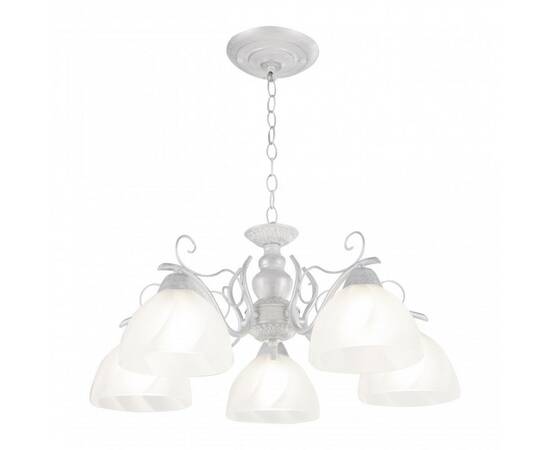 Подвесная люстра Arte Milano Amalfi 330644/5 WT+SL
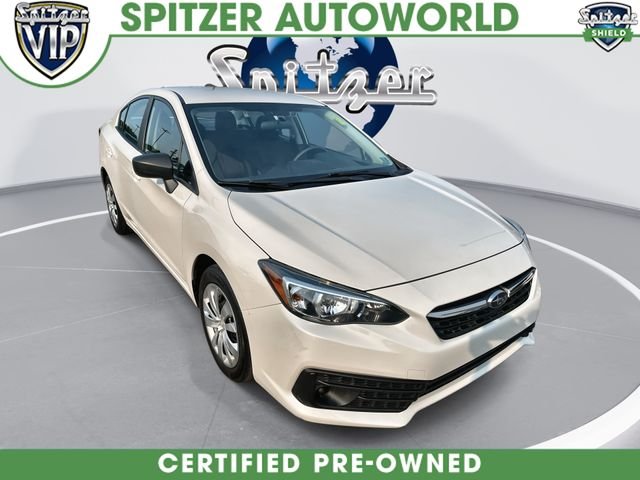 2023 Subaru Impreza Base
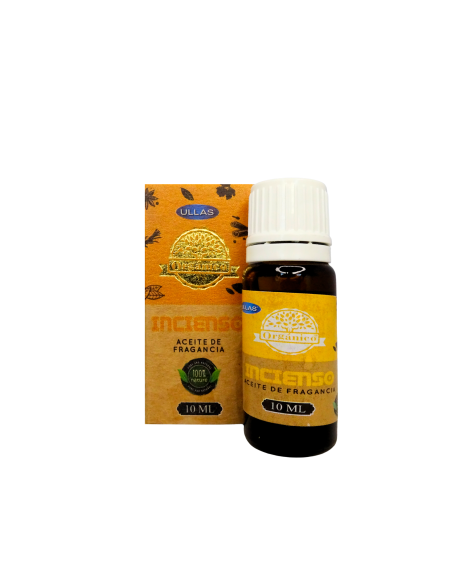 Oli per Difusor d’Encens 10ml – Espiritual i Harmonitzant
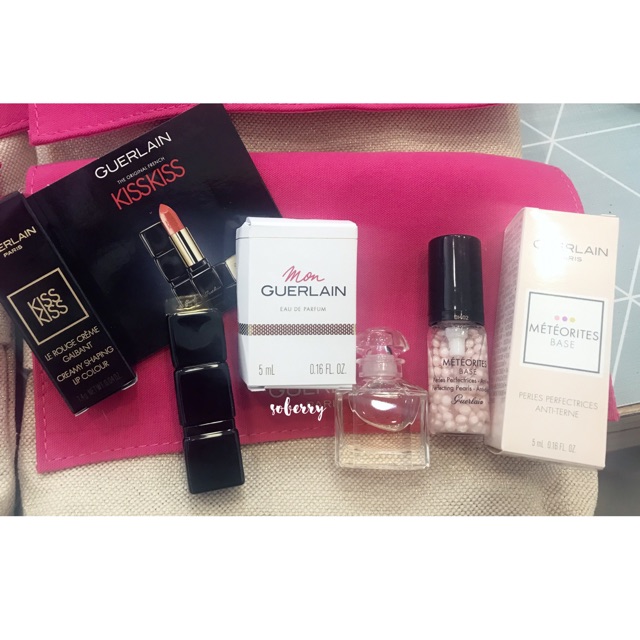 Set Make-up Minisize GUERLAIN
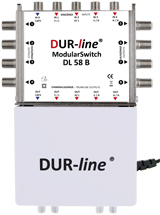DUR-line-ModularSwitch-DL-58-B-Multischalter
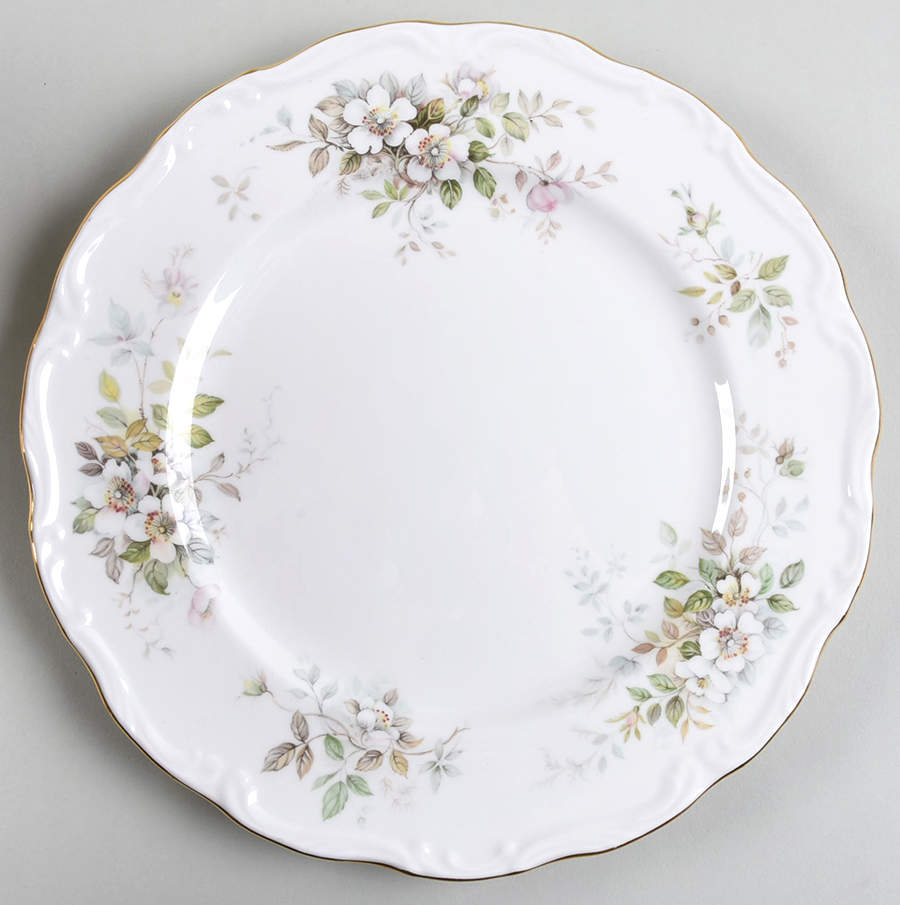 Haworth Dinner Plate by Royal Albert-1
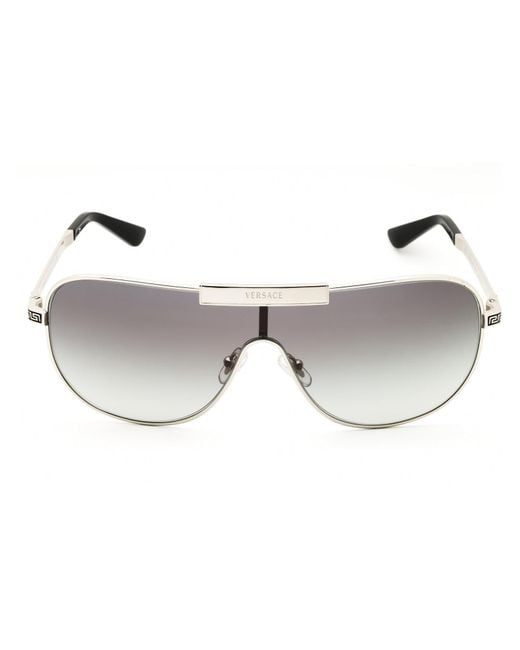 Versace Gray 0Ve2293 Sunglasses for men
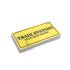 American Train Station Signs - Tile 2x4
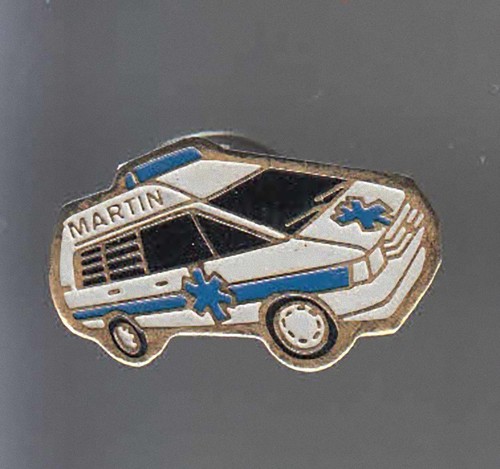 Rare pins pin camion - pins,
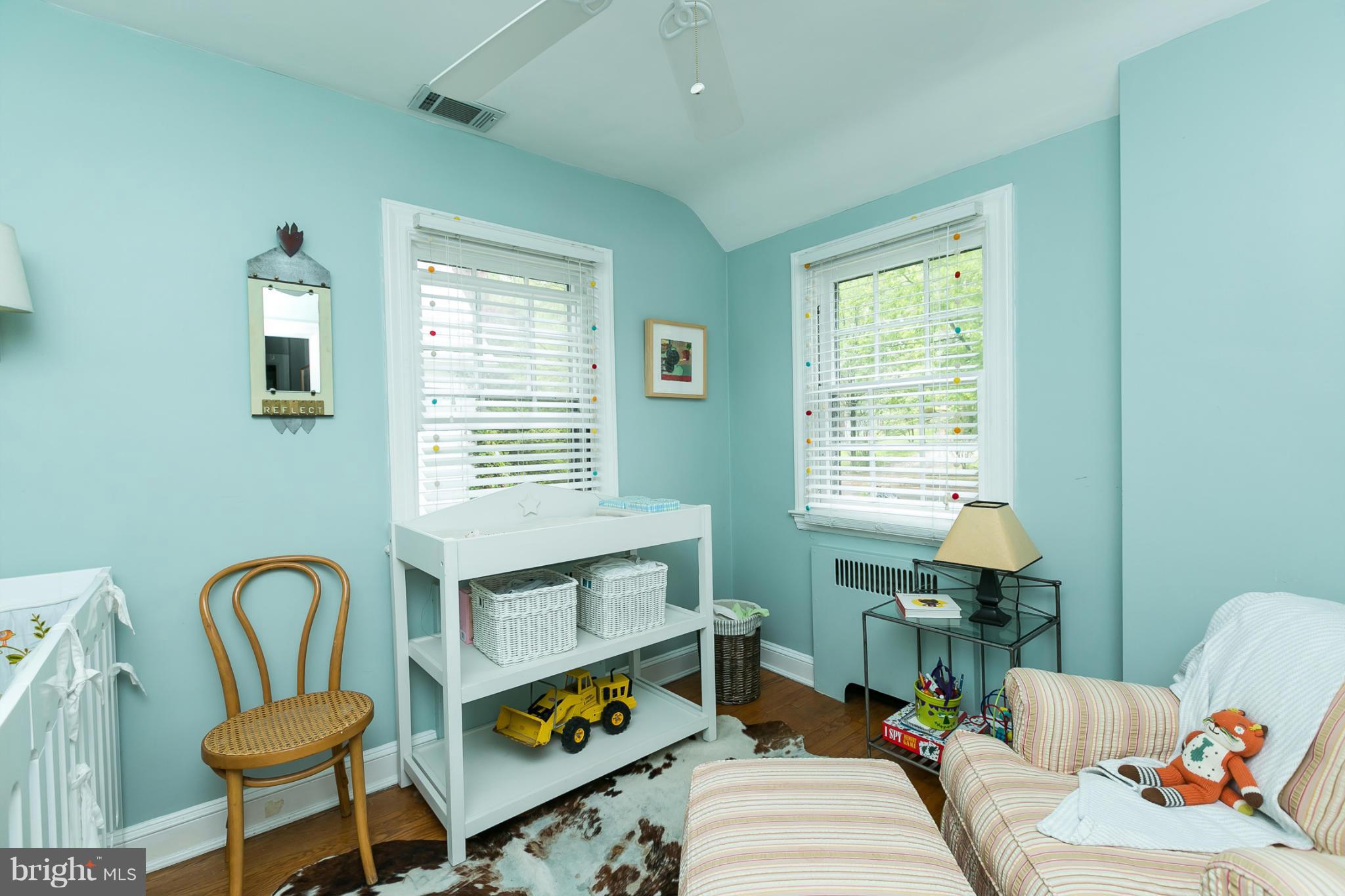 HUNTING RIDGE HISTORIC DISTRICT - Residential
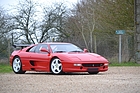 Ferrari F355 Challenge (1995) - als Lot 39 an der Artcurial "Parisienne" Versteigerung am 5. Februar 2021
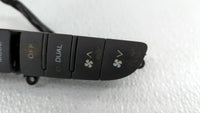 2004-2008 Acura Tl Climate Control Module Temperature AC/Heater Replacement P/N:M24722 Fits Fits 2004 2005 2006 2007 2008 OE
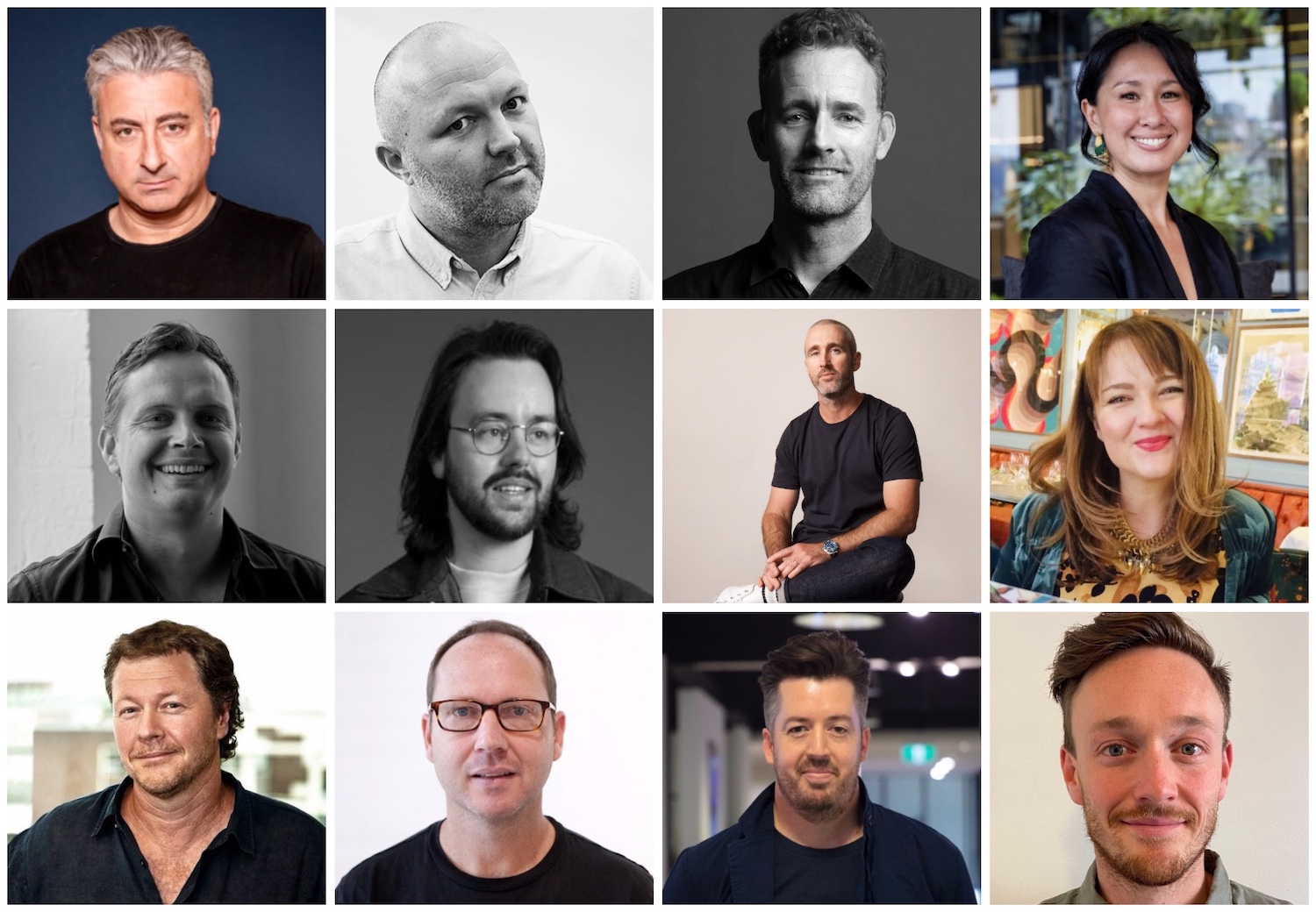 FINCH’s Rob Galluzzo named jury president of Spikes Film Craft Jury; 11 from OZ on the juries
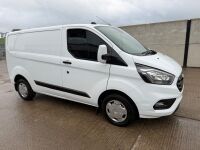 FORD TRANSIT CUSTOM 280 TREND L1 LOW ROOF 2.0 ECOBLUE 130PS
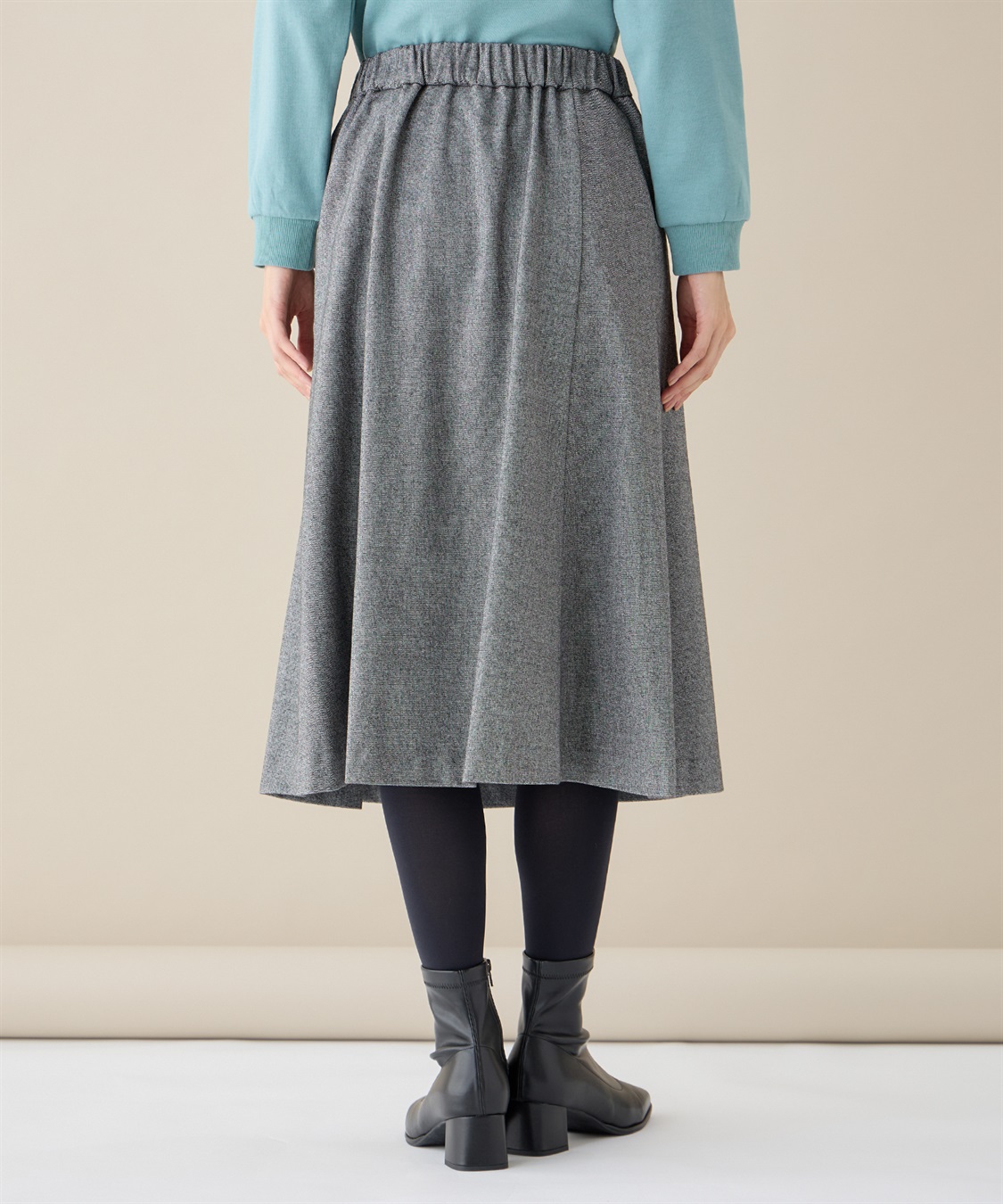 DECOY ストレッチスカート_sub_4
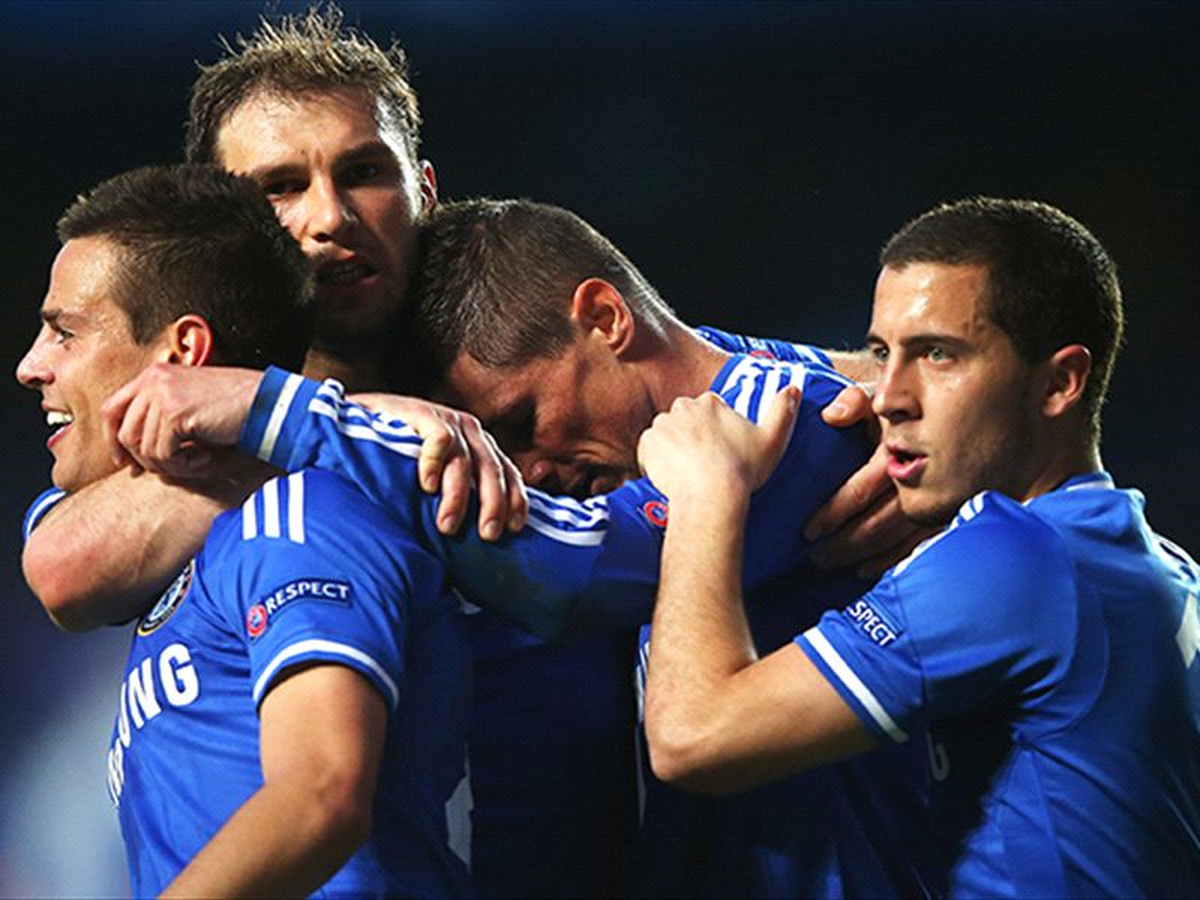 Fernando Torres Gole Sevinmedi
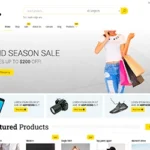 Envo Shop WooCommerce WordPress Theme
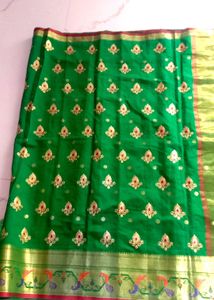 Beautiful Paithani Saree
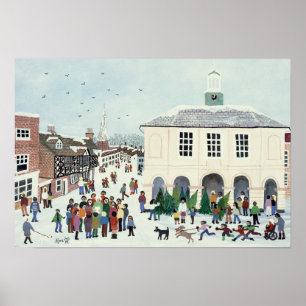 Póster Godalming Surrey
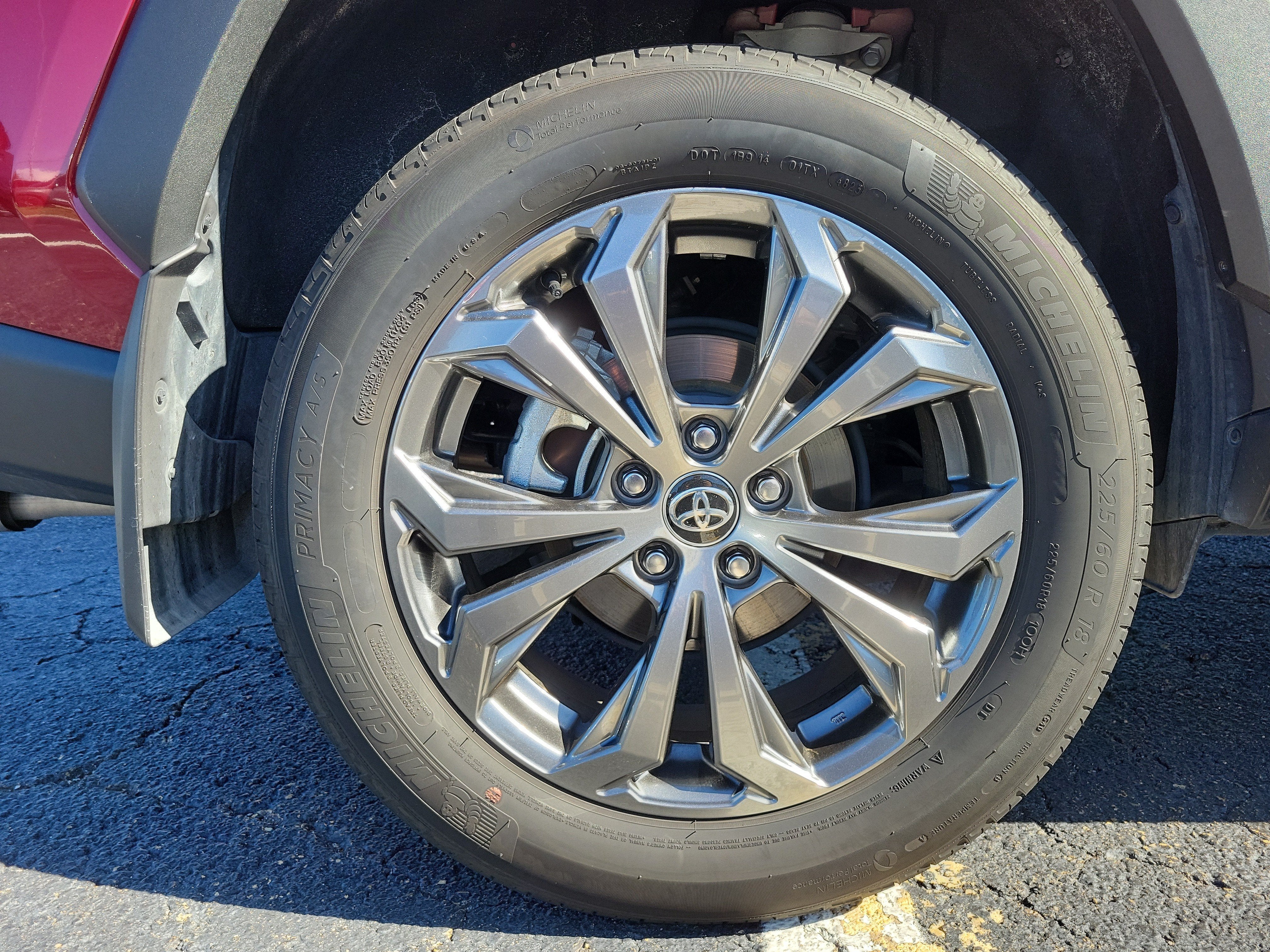 2024 Toyota RAV4 Hybrid XLE Premium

####

*EXERCISE AIM*: Print exactly the span of lines that begins with the line containing "Ferrari F355 Challenge" and ends with the last line of the listing, with no pictures.

*ANSWER AREA*:
 Ferrari F355 Challenge (1995) - als Lot 39 an der Artcurial "Parisienne" Versteigerung am 5. Februar 2021
 2004-2008 Acura Tl Climate Control Module Temperature AC/Heater Replacement P/N:M24722 Fits Fits 2004 2005 2006 2007 2008 OE
 FINCH’s Rob Galluzzo named jury president of Spikes Film Craft Jury; 11 from OZ on the juries
 FORD TRANSIT CUSTOM 280 TREND L1 LOW ROOF 2.0 ECOBLUE 130PS
 DECOY ストレッチスカート_sub_4
 Fernando Torres Gole Sevinmedi
 Envo Shop WooCommerce WordPress Theme
 Beautiful Paithani Saree
 Póster Godalming Surrey
 2024 Toyota RAV4 Hybrid XLE Premium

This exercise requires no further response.